Es cierto que tuvo escasas ocasiones de llevar sus ideas a la práctica, salvo cuando gobernó Cuyo y, más tarde, Perú, aunque en ambos casos lo hizo apremiado por una guerra inconclusa que le demandó los mayores esfuerzos en desmedro de la gestión gubernativa.
San Martín no dejó memorias escritas, pero afortunadamente existen cartas y testimonios que permiten atisbar su pensamiento político.
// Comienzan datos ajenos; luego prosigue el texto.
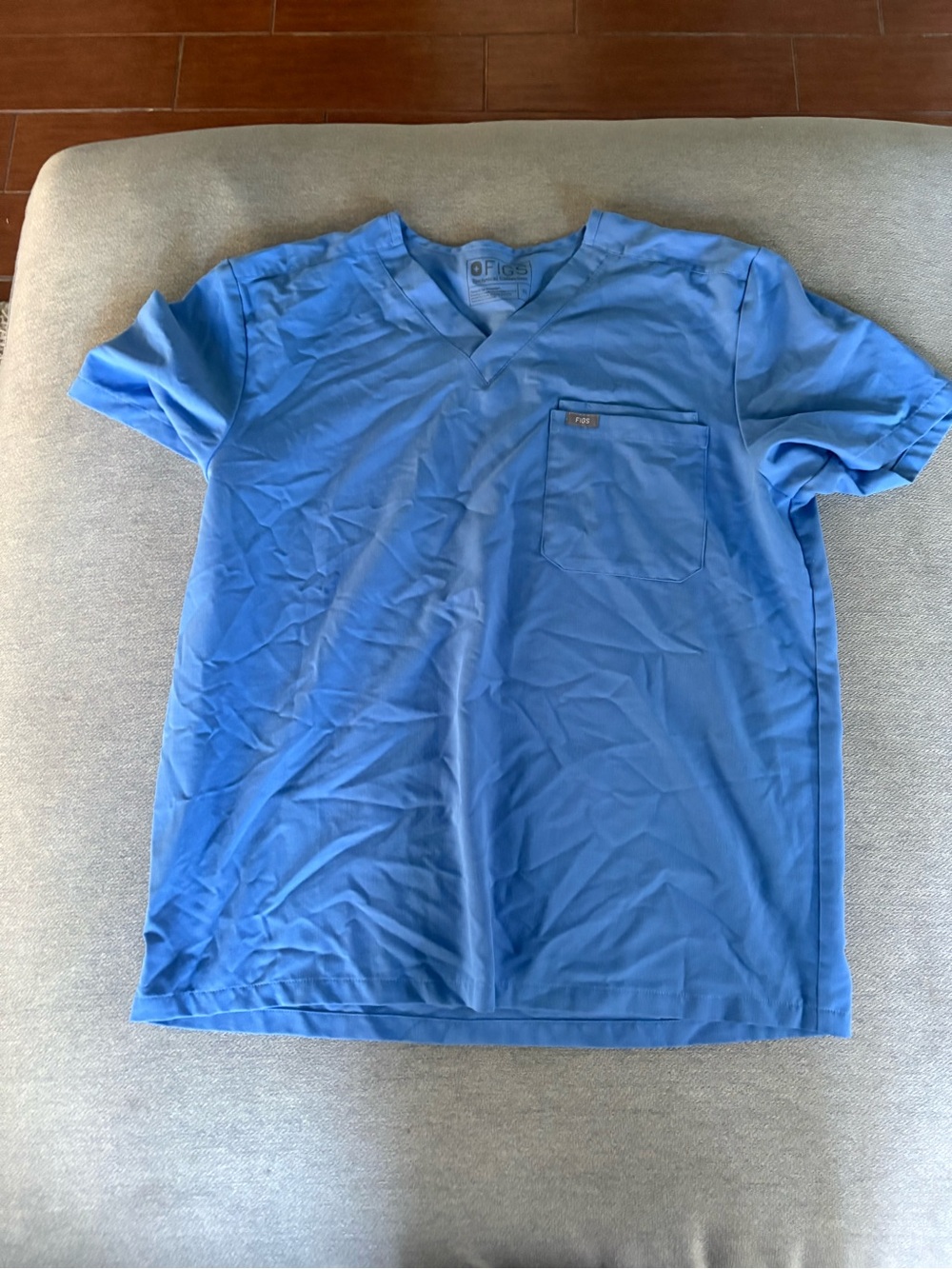 Figs Women’s V-Neck Short Sleeve Tee in Sky Blue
En todos los casos, asoma una personalidad que antepone el bien común a las ambiciones personales, la repugnancia a toda clase de sojuzgamiento humano y una apuesta superior a la unión nacional.
Revolución e independencia
San Martín abjuraba del absolutismo y el derecho divino de los soberanos y, en cambio, compartía el ideario de la Ilustración basado en la libertad e igualdad de las personas. De ello deriva su adhesión a la Revolución de Mayo y su decisión de sumarse a la causa patriota.
Claro que en el complejo contexto de la época las ideas debían abrirse paso en el intrincado terreno de la política mezclada con la guerra. La Logia a la que pertenecía –de inspiración liberal– propugnaba avanzar hacia un diseño más cercano a una monarquía constitucional atenuada que al republicanismo norteamericano.
En esa línea, San Martín apoyó la iniciativa que Manuel Belgrano expuso en el Congreso de Tucumán de restaurar la dinastía incaica, mientras que Bernardino Rivadavia seguía buscando en Europa un noble de sangre azul dispuesto a reinar en el Plata, una alternativa que el mismo San Martín exploró más tarde en Perú. Así consta en una de sus cartas a Bernardo O’Higgins: “Creo estará V. convencido de la imposibilidad de erigir estos países en repúblicas”.
Esa misma postura aparece en una de las cartas que envió a Tomás Godoy Cruz, diputado por Mendoza en el Congreso de Tucumán, para que apurasen la declaración de la independencia: “¿Podremos constituirnos República sin una oposición formal de Brasil (pues a la verdad no es muy buena vecina para un país monárquico), sin artes, ciencias, agricultura, población, y con una extensión de tierra que con más propiedad puede llamarse desierto?”, se preguntaba.
En otra carta, descubre otros temores ante el diputado mendocino: “¡Me muero cada vez que oigo hablar de Federación!”, y agrega: “Si con todas las provincias y sus recursos somos débiles, qué nos sucederá aislada cada una de ellas”.
Visión americanista
Su concepción de la empresa independentista era continental. Creía fervientemente en la construcción de una patria grande; no entendía la libertad de los pueblos ni la solidez de los gobiernos sino como un fenómeno a escala sudamericana. Eso, para la época, era progresismo puro.
Esa visión lo colocó ante la mayor encrucijada de su vida, cuando debió resolver entre acatar los dictados de la Logia y obedecer las órdenes del gobierno de Buenos Aires, que lo instaban a regresar junto con el Ejército de los Andes, o seguir adelante con su estrategia continental, una decisión que le acarreó duras críticas y difamaciones.
En Perú, en 1822, lo puso en palabras: “Tiempo ha que no me pertenezco a mí mismo sino a la causa del continente americano”. Ese pensamiento americanista no era muy diferente del de Simón Bolívar. Ellos no se entendieron por otras razones, pero no por disentir en cuanto a que las nuevas naciones sólo subsistirían en la medida en que fueran capaces de integrar una gran comunidad americana.
Sin poder concluir la guerra –su máxima obsesión–, se retiró de la vida pública y partió al exilio.